**PROVIDED RECORDS:**
* * *
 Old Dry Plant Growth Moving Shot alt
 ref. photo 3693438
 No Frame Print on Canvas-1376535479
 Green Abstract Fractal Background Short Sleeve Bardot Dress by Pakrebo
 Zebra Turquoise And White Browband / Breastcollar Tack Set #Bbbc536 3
* * *
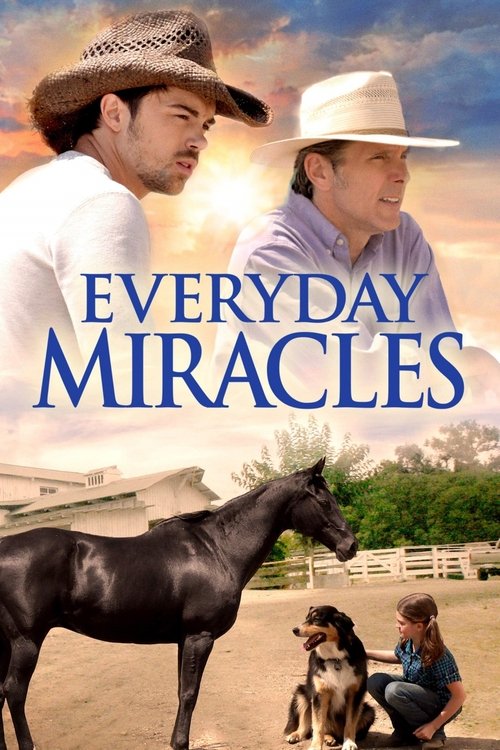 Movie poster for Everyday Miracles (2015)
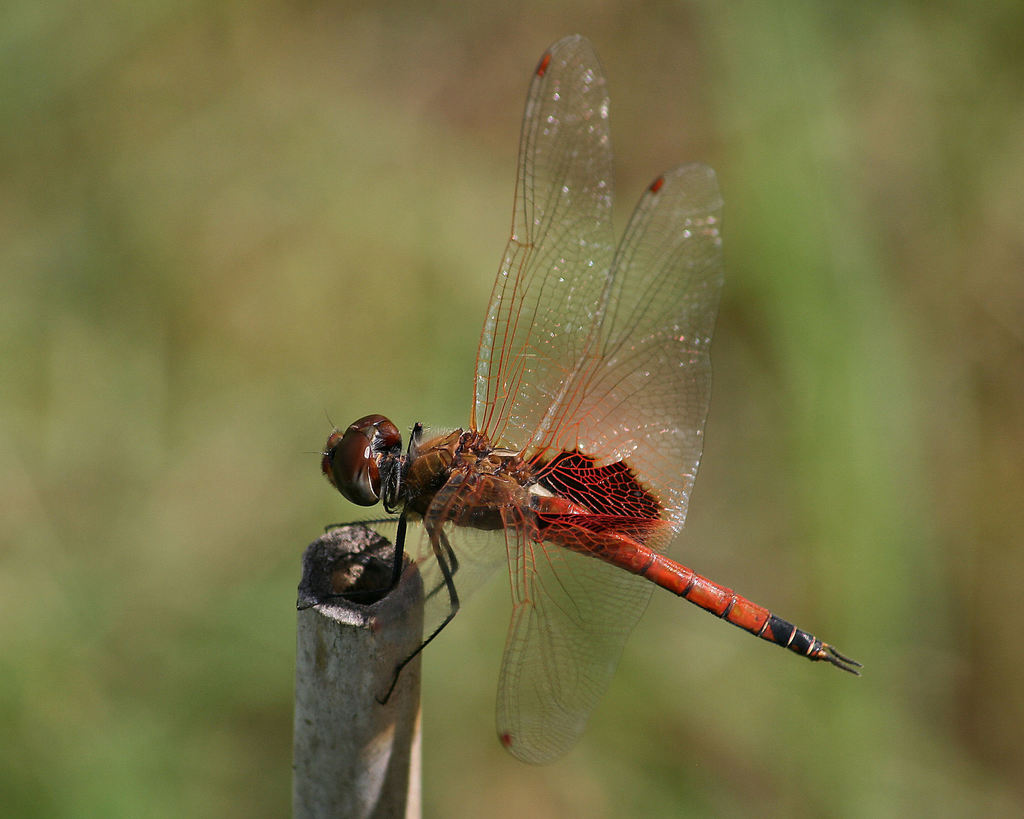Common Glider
* * *
**YOUR GOAL:** Would you print exactly, and only, the lines of the data above from the line with "Green Abstract Fractal" through the line with "Zebra Turquoise And", inclusive?

**RESULT BELOW:**
 Green Abstract Fractal Background Short Sleeve Bardot Dress by Pakrebo
 Zebra Turquoise And White Browband / Breastcollar Tack Set #Bbbc536 3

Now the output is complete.